The company mentioned in its press release that it modified the process of allocating pension and post-retirement benefits costs to its reportable segments in fiscal 2016. Only the service cost related to plans is now assigned to these segments. The other components of expense, such as interest cost, recognized actuarial gains, as well as expected return on assets and losses, are part of unallocated corporate expenses and are excluded from segment operating results. The fiscal 2015 results have been adjusted retrospectively to reflect these changes. This accounting change will have no impact on cash flow. The periodic mark-to-market adjustment will be reflected as an item impacting comparability and is excluded from adjusted results.
Campbell’s management stated, “We began fiscal 2016 after successfully implementing a number of changes to align our enterprise structure with our strategy. Most significant among those changes were the formation of three new divisions with clear portfolio roles and the roll-out of a major cost savings initiative that included streamlining our organization, the launch of an Integrated Global Services organization and initiating zero-based budgeting. In addition, we have revised our reporting segments to reflect our new structure.”

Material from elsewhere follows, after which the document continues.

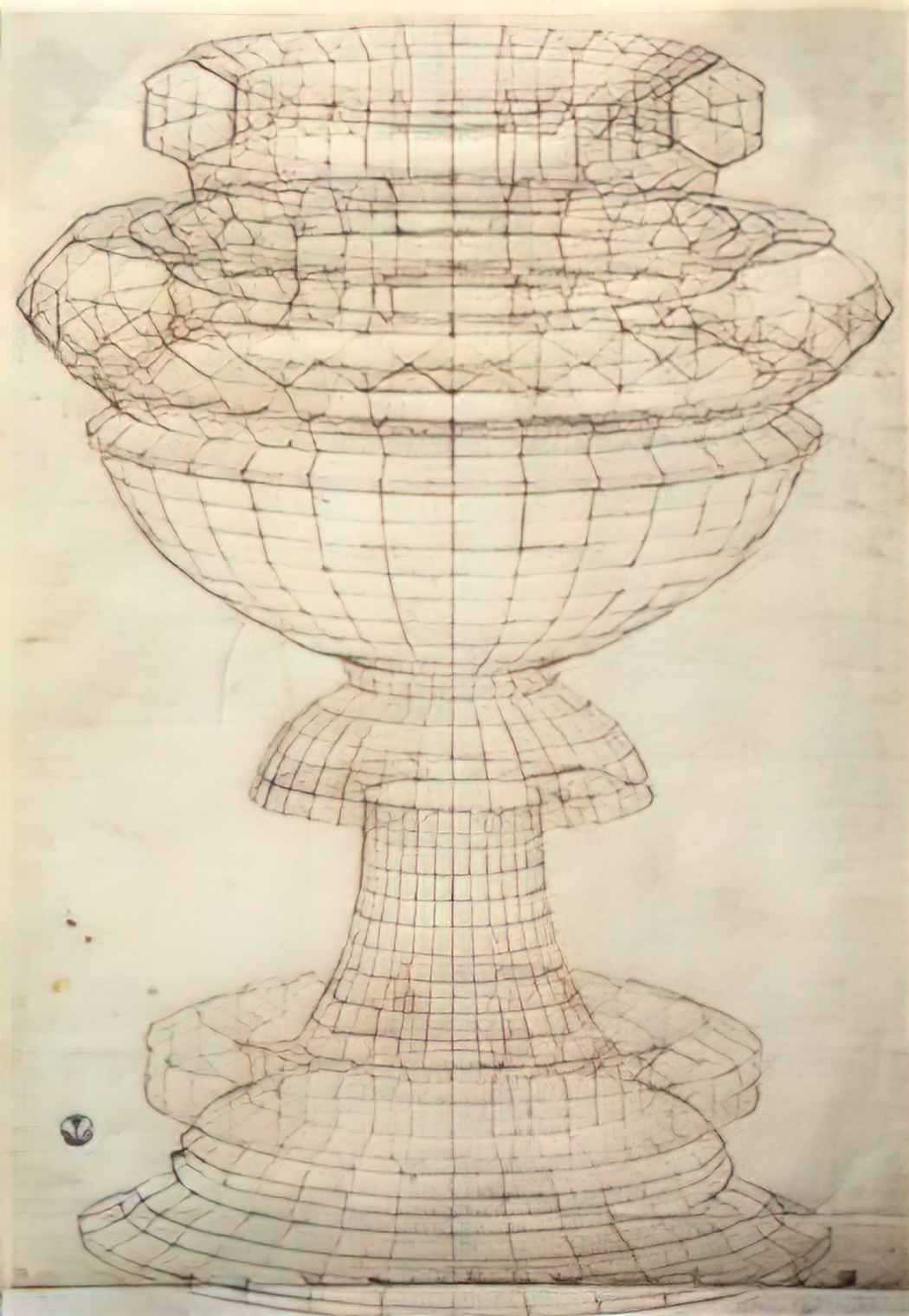 Paolo Uccello vase in perspective Art A4 Photo Print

Americas Simple Meals and Beverages
This segment reported operating earnings of $363 million, a rise of 19% compared to fiscal 1Q15. A greater price realization and improved supply chain performance along with lower marketing and selling expenses improved the gross margin percentage compared to fiscal 1Q15. This higher gross margin percentage drove the rise in segment operating earnings.
Global Biscuits and Snacks
This segment delivered operating earnings of $114 million, a rise of 16% compared to 1Q15. A higher gross margin percentage, lower selling expenses, and volume gains, partly offset by the negative effect of currency translation, led to the rise in operating income.
This segment showed a rise in operating earnings of $9 million in fiscal 1Q16 and reported $18 million compared to fiscal 1Q15. A higher gross margin percentage along with the impact of the acquisition contributed to the rise in operating earnings.
Campbell’s competitors in the industry include Keurig Green Mountain (GMCR), ConAgra Foods (CAG), and Flowers Foods (FLO). They reported gross margins of 34.7%, 25.1%, and 47.6%, respectively, for their last reported quarters. The iShares S&P MidCap 400 Index Fund (IJH) and the iShares S&P MidCap 400 Value ETF (IJJ) invest 0.29% and 0.61% of their portfolios, respectively, in the FLO stock as of November 25.